--- GIVEN DATA Enclosed Below ---

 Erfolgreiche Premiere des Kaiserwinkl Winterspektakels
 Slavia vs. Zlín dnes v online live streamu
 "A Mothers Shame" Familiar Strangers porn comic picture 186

--- End of Enclosed GIVEN DATA ---
--- GIVEN DATA Enclosed Below ---

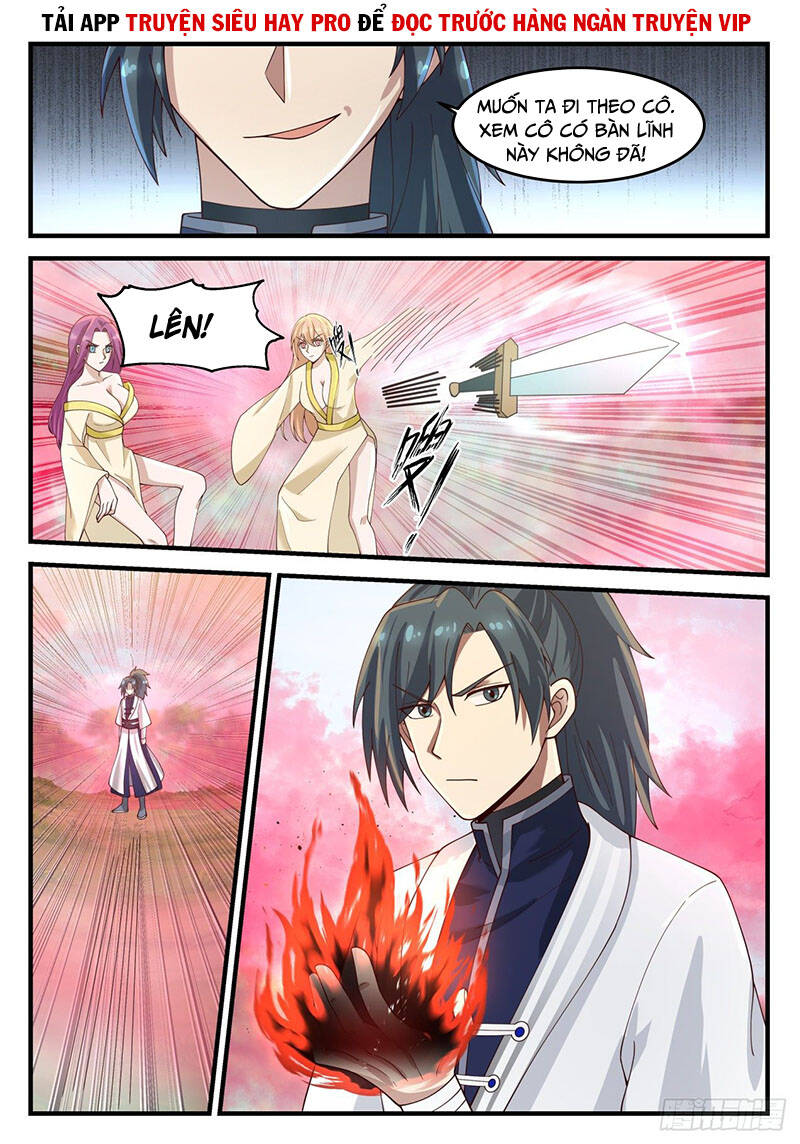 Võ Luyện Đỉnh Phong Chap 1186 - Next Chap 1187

--- End of Enclosed GIVEN DATA ---
--- GIVEN DATA Enclosed Below ---

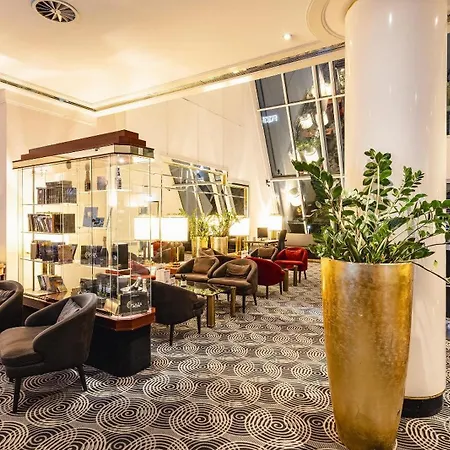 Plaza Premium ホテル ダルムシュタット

--- End of Enclosed GIVEN DATA ---

● **WHAT THE EXERCISE ASKS**
Would you please copy exactly the part of the entries above that begins at the line containing "Slavia vs. Zlín dnes v online live streamu" and ends at the line containing "comic picture 186", both lines included?

● **RESPONSE BOX**
 Slavia vs. Zlín dnes v online live streamu
 "A Mothers Shame" Familiar Strangers porn comic picture 186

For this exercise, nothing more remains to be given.